I don’t believe in coincidences. I think there is a deeper meaning behind it. There is a fatigue towards conventional narratives. In view of the many current crises, they somehow failed and cannot help us. But I believe that imagination can help us. It can be a means of self -authorization. Because if our present is so sluggish and hopeless, the only way is to free yourself and imagine other realities. We do not find ourselves with the current situation, but critically deal with her.
I personally have the feeling in view of the current reality here in Germany. I have the impression that I need something I can stick to: maybe the idea of another world. Film and art are a way to revive and practice alternative imaginations. But I also believe that there is a practical aspect.
Which one?
For example, if we look at the film “Perfumed with Mint”: Egypt is a country with a very long and exciting film tradition and many new, young talents. But there is great financial pressure and dependence on funds from abroad – such as from the Gulf States.
For many Egyptian filmmakers under the pressure of censorship, the poetic can be a possible way out of political and social taboos to address certain topics in order to tell stories about fear, repression, hope and hopelessness that cannot be freely articulated in direct or conventional narrative forms.
How is the poetic and surreal in the films of the festival?
For example, at the “Perfumed with Mint” we don’t know what kind of world we are in: Is it a dream or a nightmare? We see that the future is a parallel present with its own rules. The dead continue to live as mint leaves on the bodies of their relatives – i.e. as plants. This is also very interesting visually. Because everything is very gray and dark, and the mint leaves are the only green.
Nature and ecological aspects are discussed in many of the films in the program. New types of relationship with nature or non-human are built up-whether to spirits or animals. “Agora”, for example, is like a dream with animals. You can see dogs in particular. The camera settings get the impression that the animals understand what is going on while people are lost.
The film “Silent Storms” can be read as the revenge of nature. A natural disaster breaks in there over a village, in which many acts of violence passed during the colonial era and in the civil war.
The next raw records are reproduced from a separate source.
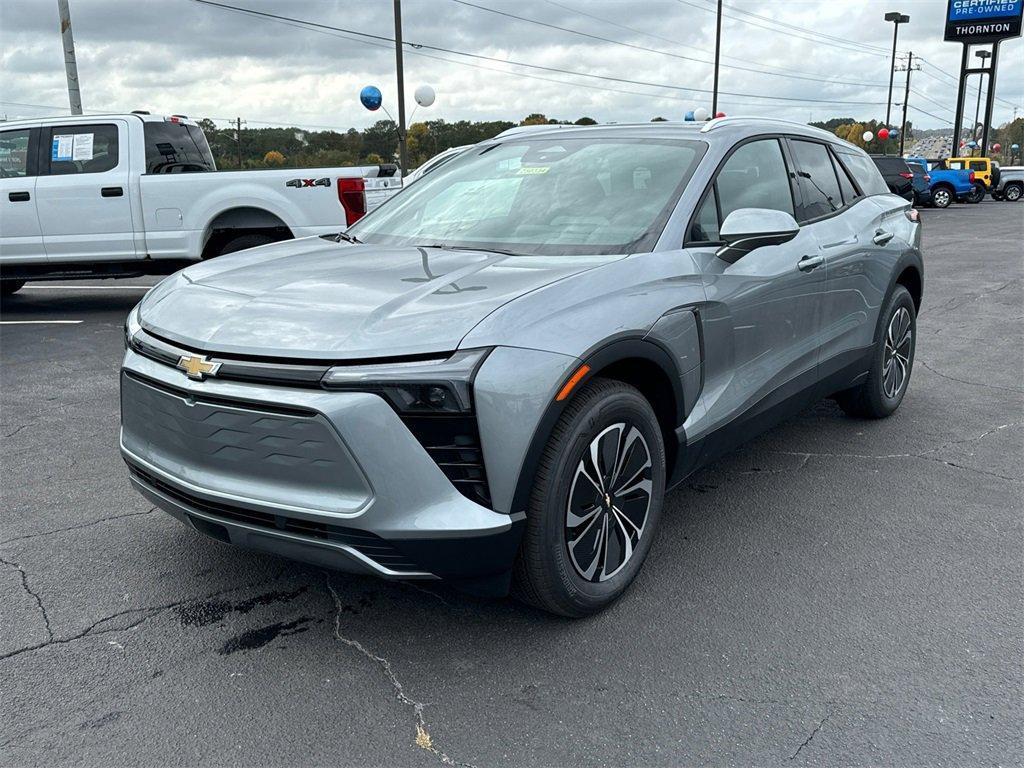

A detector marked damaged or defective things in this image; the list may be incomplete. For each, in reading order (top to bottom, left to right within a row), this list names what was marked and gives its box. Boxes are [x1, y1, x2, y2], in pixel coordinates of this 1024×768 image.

crack in asphalt [917, 360, 1024, 397]
crack in asphalt [0, 507, 158, 548]
crack in asphalt [0, 561, 53, 643]
crack in asphalt [325, 581, 473, 765]
crack in asphalt [790, 712, 831, 761]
It is a kind of fictional country in North Africa that resembles Algeria. The natural disaster can be read as a metaphor – the dead are woken up, the revenge. They take revenge because the future has been taken away.
What alternative realities are negotiated in the films?
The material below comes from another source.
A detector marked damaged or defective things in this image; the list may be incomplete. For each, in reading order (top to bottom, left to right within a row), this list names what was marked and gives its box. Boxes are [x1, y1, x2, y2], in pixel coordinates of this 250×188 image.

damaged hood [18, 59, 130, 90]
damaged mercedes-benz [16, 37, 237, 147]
The Palestinian documentary “Lyd”, for example, tells of the fate of the city of the same name over various times, i.e. during the British crew, the Nakba and in the present. Lyd is located in Israel, but has a large Arab population. Through animated sequences, the film tries to imagine an alternative past in the city: what if there was no colonialism? If the British hadn’t come to Palestine? If France and Great Britain had not agreed to share the Middle East? This approach to work with alternative future was the starting point for the Spotlight.
One of the few older films in this year’s Spotlight is “My name is not ali” by Viola Shafik from 2011. Why did you choose it?
I saw and thought this film in Berlin a few years ago: For me, this is the way in which film works as a decolonial practice. A forgotten character is taken into account and what is told. The film invites us to question naturally and shows us the downside of things. In this case, Germany, i.e. the West, is at the center. Like talking not only from the colonized others, but also turn our eyes in the other direction. Viola Shafik is an Egyptian-German filmmaker and film scientist. She portrays the main actor from the masterpiece “Fear Essen Seele on” by Rainer Werner Fassbinder from 1974. That was one of the first German films talking about migration. Shafik interviewed people who knew El Hedi Ben Salem. She travels to Morocco to understand how he came to Germany. I don’t want to spoil, but she reveals terrible things. The film shows that people who think it is good can reproduce forms of violence.
The Arabic Film Festival (Alfilm) takes place from April 23 to 30.